To be fair about careful prompting, the “best thing to do” was in the sentence being targeted, however their query clearly was for “the most fun” instead.
This query had an obvious problem. Best things often can be very, very NOT FUN. As a result, and arguably not a bad one, the AI software balked at being forced into a collision and…
would often report that the document did not give enough context to answer the question, instead of retrieving the embedded sentence
I see a human trying to hammer meaning into places where it doesn’t exist, incorrectly prompting an exacting machine to give inexact answers, which also means I see sloppy work.
In other words, “best” and “most fun” are literally NOT the same things. Amputation may be the best thing. Fun? Not so much.
Was a sloppy prompt an intentional or mistaken one? Hard to tell because… Anthropic clearly wants to believe it’s improving and the blog reads like they are hunting for proof at any cost.
Indeed.

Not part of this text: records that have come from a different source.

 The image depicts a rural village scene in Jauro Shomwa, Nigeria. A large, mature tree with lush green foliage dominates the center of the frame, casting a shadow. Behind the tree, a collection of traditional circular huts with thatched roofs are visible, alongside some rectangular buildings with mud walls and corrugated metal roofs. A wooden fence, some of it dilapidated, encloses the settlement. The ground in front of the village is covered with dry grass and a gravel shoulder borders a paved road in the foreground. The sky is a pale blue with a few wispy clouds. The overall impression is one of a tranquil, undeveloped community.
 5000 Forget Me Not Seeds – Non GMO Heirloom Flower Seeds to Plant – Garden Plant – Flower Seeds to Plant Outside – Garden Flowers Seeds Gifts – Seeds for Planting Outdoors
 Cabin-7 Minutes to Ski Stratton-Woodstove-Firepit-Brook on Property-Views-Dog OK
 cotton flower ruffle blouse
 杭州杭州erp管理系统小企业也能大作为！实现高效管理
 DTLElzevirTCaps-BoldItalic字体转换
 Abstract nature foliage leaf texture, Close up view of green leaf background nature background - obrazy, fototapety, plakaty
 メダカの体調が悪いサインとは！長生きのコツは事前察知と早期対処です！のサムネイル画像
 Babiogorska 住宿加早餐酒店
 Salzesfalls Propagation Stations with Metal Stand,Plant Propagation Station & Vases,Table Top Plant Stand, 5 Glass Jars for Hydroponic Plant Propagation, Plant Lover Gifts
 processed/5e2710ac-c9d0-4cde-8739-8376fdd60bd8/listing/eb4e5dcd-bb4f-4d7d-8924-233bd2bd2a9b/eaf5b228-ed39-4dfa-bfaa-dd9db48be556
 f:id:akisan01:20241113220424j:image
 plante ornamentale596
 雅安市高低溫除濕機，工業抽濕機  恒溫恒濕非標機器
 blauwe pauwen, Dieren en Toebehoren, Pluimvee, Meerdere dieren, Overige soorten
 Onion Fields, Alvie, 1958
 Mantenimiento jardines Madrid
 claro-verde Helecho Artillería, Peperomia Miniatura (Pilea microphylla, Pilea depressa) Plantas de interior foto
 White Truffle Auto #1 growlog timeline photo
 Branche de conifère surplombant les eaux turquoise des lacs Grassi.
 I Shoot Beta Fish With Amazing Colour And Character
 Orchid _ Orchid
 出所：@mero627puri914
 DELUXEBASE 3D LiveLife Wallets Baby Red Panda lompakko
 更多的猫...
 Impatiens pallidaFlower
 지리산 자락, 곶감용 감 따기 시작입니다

The test results are said by Anthropic to improve dramatically when they go about lowering the bar of success.
We achieved significantly better results on the same evaluation by adding the sentence “Here is the most relevant sentence in the context:” to the start of Claude’s response. This was enough to raise Claude 2.1’s score from 27% to 98% on the original evaluation.
Not the best idea, even though I’m sure it was fun.
Adding “relevance” in this setup definitely seems like stretching the goal posts. Imagine Anthropic selling a football robot. They have just explained to us that by allowing “relevant” kicks at the goal to be treated the same as scoring a goal, their robot suddenly goes from zero points to winning every game.
Sure, that may be considered improvement by shady characters like Bill Sikes, but also it obscures completely that the goal posts changed in order to accommodate low scores (regrading them as high).
I find myself reluctant to embrace the notion that the gamified test result of someone desperate to show improvement holds genuine superiority over the basic recognition ingrained in a search engine, let alone considering such gamification as compelling evidence of intelligence. Google should know better.